Read between the lines…
AMERICAN WARSHIPS HEAD TO EGYPT
Just thought you might like to know, since some think “everything is changing” in regard to western Hegemony, so you folks better listen a little more carefully to some of the proposals I have made.
So 30,000 people from the region were enslaved (Forced Labor) to build a canal and yet when Egypt wanted to nationalize the canal, that was an act of war according to the French, British and Israelis.
Who built the Suez Canal? The same people who built the Pyramids and the Great Wall of China. The workers built it.
Under the original 1858 contract between the French company and Egypt, Egypt was to gain full ownership and control of the canal in 1957. You know what happened next. Here’s the canal’s historical timeline: link to i-cias.com
How fascinating, James. I bet you got some amazing family foto albums.
In Cairo, he attended one of the first performances of Verdi’s opera Aida, written for the occasion.
how heavenly! i love that opera. wow
I haven’t checked back on the details, but as far as I remember from my Middle Eastern economic history classes when I was a student, the contract signed between the Khedive Ismail and Ferdinand de Lesseps was highly favourable to the French entrepreneur, and amongst other things specified that Egypt would provide the labour for digging the canal for free. This was then achieved by a corvée (forced labour service) of Egyptian peasants.
It was not slave labour, as Wiki says, but forced free service by Egyptian peasants. The same, they say, as built the Pyramids.
Ismail was a fool, borrowed money right and left on the international market, and Egypt was bankrupt six years later.

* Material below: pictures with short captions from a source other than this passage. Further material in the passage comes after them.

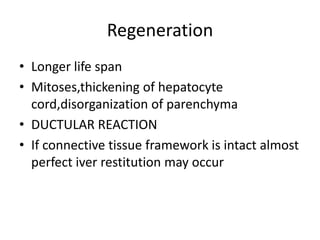 Regeneration
• Longer life span
• Mitoses,thickening of hepatocyte
  cord,disorganization of parenchyma
• DUCTULAR REACTION
• If connective tissue framework is intact almost
  perfect iver restitution may occur
 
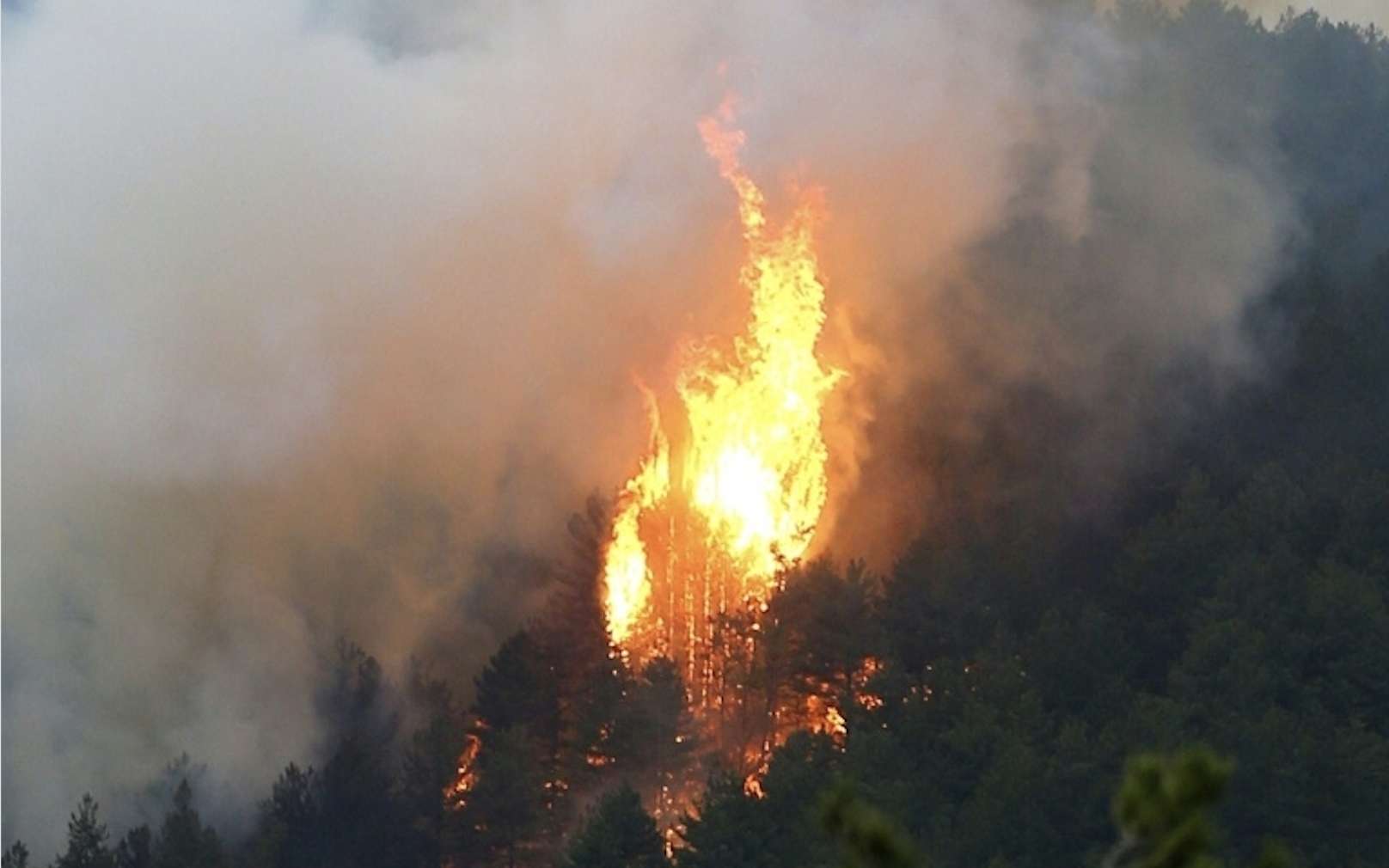 Incendie en Corse : plus de 1.000 hectares de végétation détruits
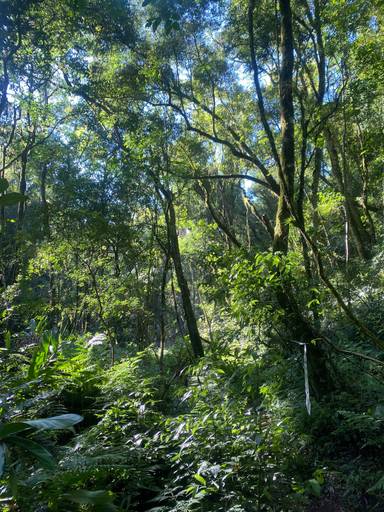 paisagens de Itaara - RS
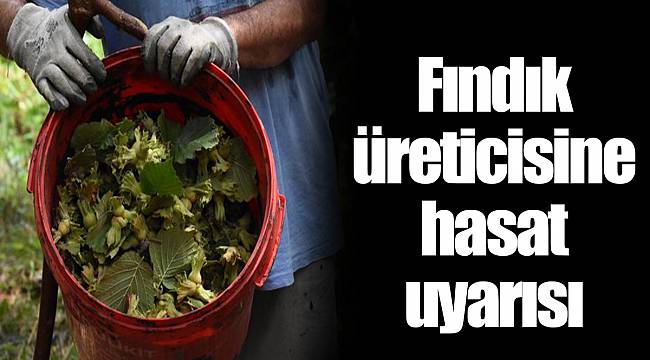 Fındık üreticisine hasat uyarısı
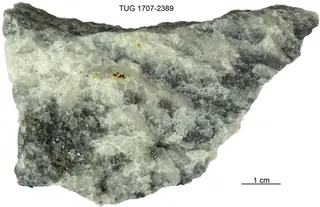 Tellurobismuthite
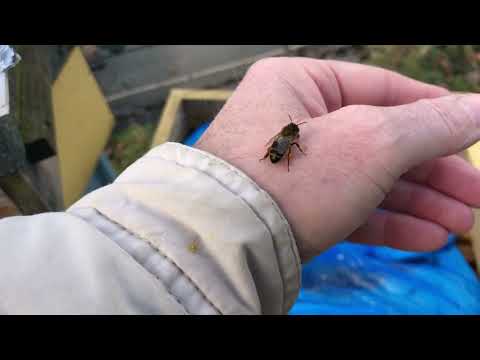 230212 - Hive 7 quick inspection of remaining stores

Yes, it was corvee labour, an Egyptian tradition since the building of the pyramids and still widely used at the time of the building of the Suez Canal for public irrigation projects, for example. Although the Brits claim they abolished it, the key factor in ending corvee labour was that the big Egyptian landowners/mangagers found such labor increasingly not cost-effective, for example in the cotton and rice industries, especially since those Egyptian industrialists were forced to pay for the exemption of their own peasant workers from the traditional forced labour. During the course of the building of the Suez Canal corvee labor was essentially phased out to meet the demands of a modernizing Egypt for contract labor. Nevertheless, the workers were paid so little they could not afford to take a train to the work site. See link to past.oxfordjournals.org
Citizen: Thanks for the valuable link.
link to nytimes.com
I’m sure this will trashed for the author, though the message is resounding.